Let me put it this way, if we have to check that the state is
"connected" or "disconnected pending" in the disable path then there's
an issue where this driver is being called in unexpected ways. This
driver is fighting the drm core each time there's a state check. We
really need to get rid of the state tracking entirely, and make sure
that the drm core is calling into the driver at the right time, i.e.
bridge disable is only called when the mainlink is enabled, etc.

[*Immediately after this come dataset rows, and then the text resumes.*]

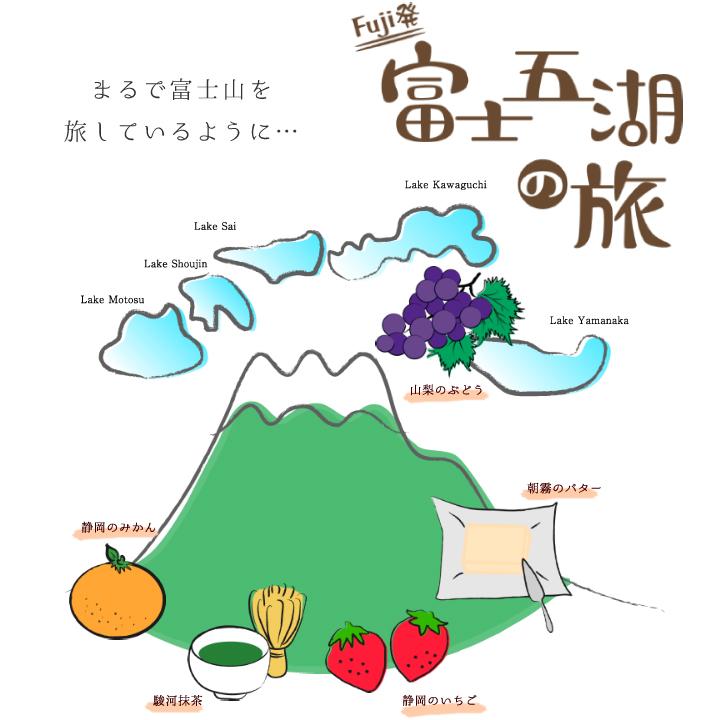 静岡駿河抹茶パウンドケーキギフトセット　富士五湖の旅　個包装10個入りセット｜yougashi-mimi｜02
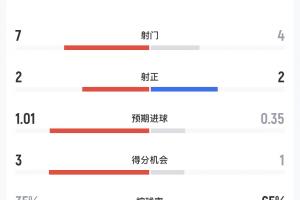 美国vs比利时直播_美国vs比利时世界杯直播_美国vs比利时在线观看无插件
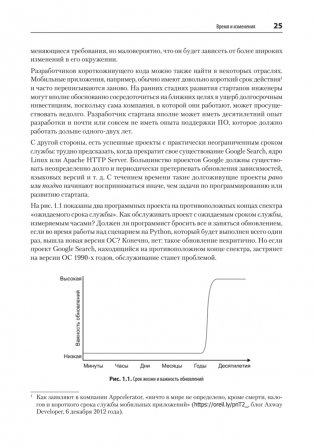 Делай как в Google. Разработка программного обеспечения фото книги 13
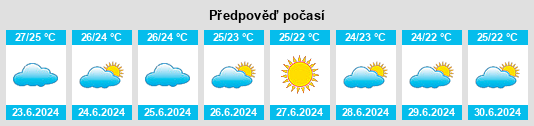 Výhled počasí pro místo Maintirano na Slunečno.cz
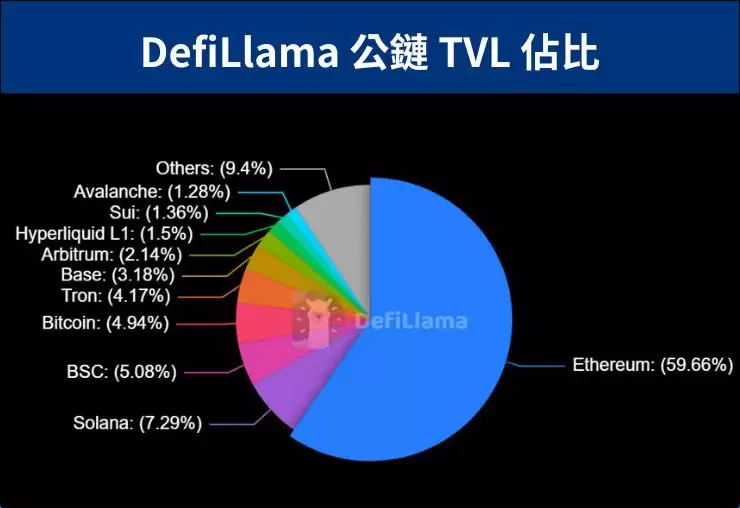 BSC币安智能链:特性、BEP-20、热门DApp ,一文解析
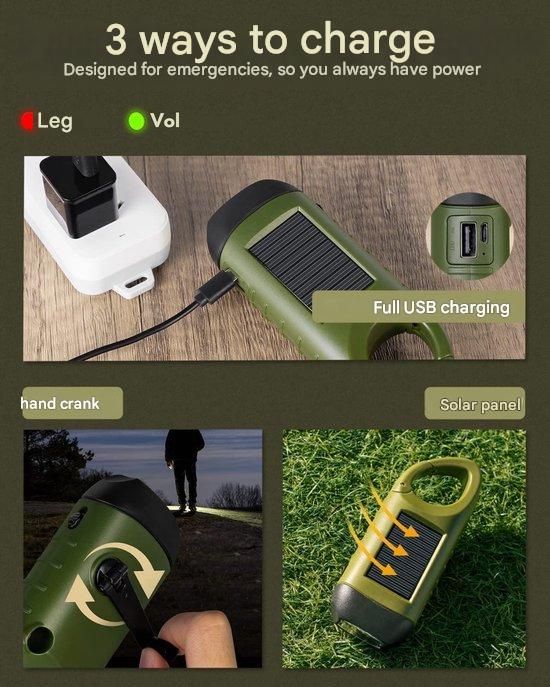 Skorter | 15-in-1 Emergency Kit - SurvivorX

So if link training failed, we do not send a uevent to usermode and will
bail out here:
rc = dp_ctrl_on_link(dp->ctrl);
if (rc) {
DRM_ERROR("failed to complete DP link training\n");
goto end;
}
So this commit is not coming from usermode but from the drm_release() path.
Even then, you do have a valid point. DRM framework should not have
caused the disable path to happen without an enable.
I went through the stack mentioned in the issue.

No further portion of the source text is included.